Robo bought his first Harley when he was 15, with money he earned from working with his father in the oil fields.
“I’ve had motorcycles all my life,” says Robo, whose real name is Jerry Wallace, “I used to wake up at 2 in the morning and head into town or head into Madisonville and end up in Missouri.”
In 2000, Wallace was riding through the Arizona night and missed a road sign, then he missed it again. Something wasn’t right.
A longtime sufferer of diabetes, Wallace soon learned that he was losing his vision to diabetic retinopathy. His Harleys gathered dust and were eventually sold.
“By all accounts, I should’ve been totally blind by 2002,” says Wallace, “Doctors told me I had two years.”
Wallace used to ride motorcycles to lose himself on the open road; now he finds other ways. He sits on the front porch of his small office, sanding a wooden ring that in a few days will be a ceremonial drum. Still living with limited vision, Wallace rubs the edge against his cheek to find imperfections.

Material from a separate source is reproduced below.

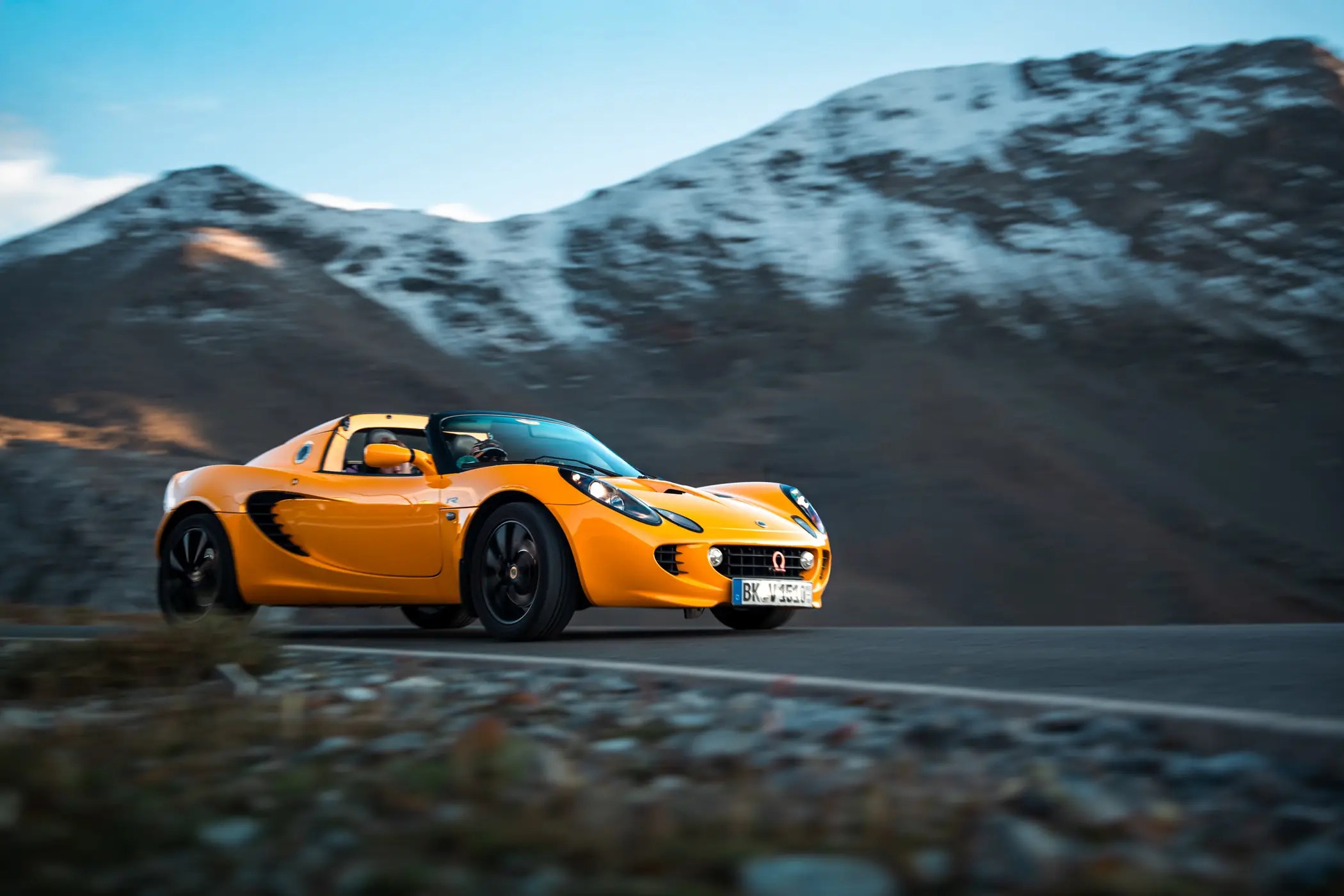 Lotus car on pass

“I cannot make a job out of these drums,” says Wallace, running the ring through the smoke of burning sage to purify it. The drums aren’t for sale and are given freely or traded to those who need them for ceremonies. Wallace walks the Red Road, a Lakota spiritual tradition that teaches walking the right road in life.
Wallace uses magnification tools given to him by the Southeastern Blind Rehabilitation Center in Birmingham, Ala., to help him read.
“I have a better quality of life now, with my vision loss, than ever before,” says Wallace, “I believe that with all my heart. I don’t want sympathy, I just want understanding.”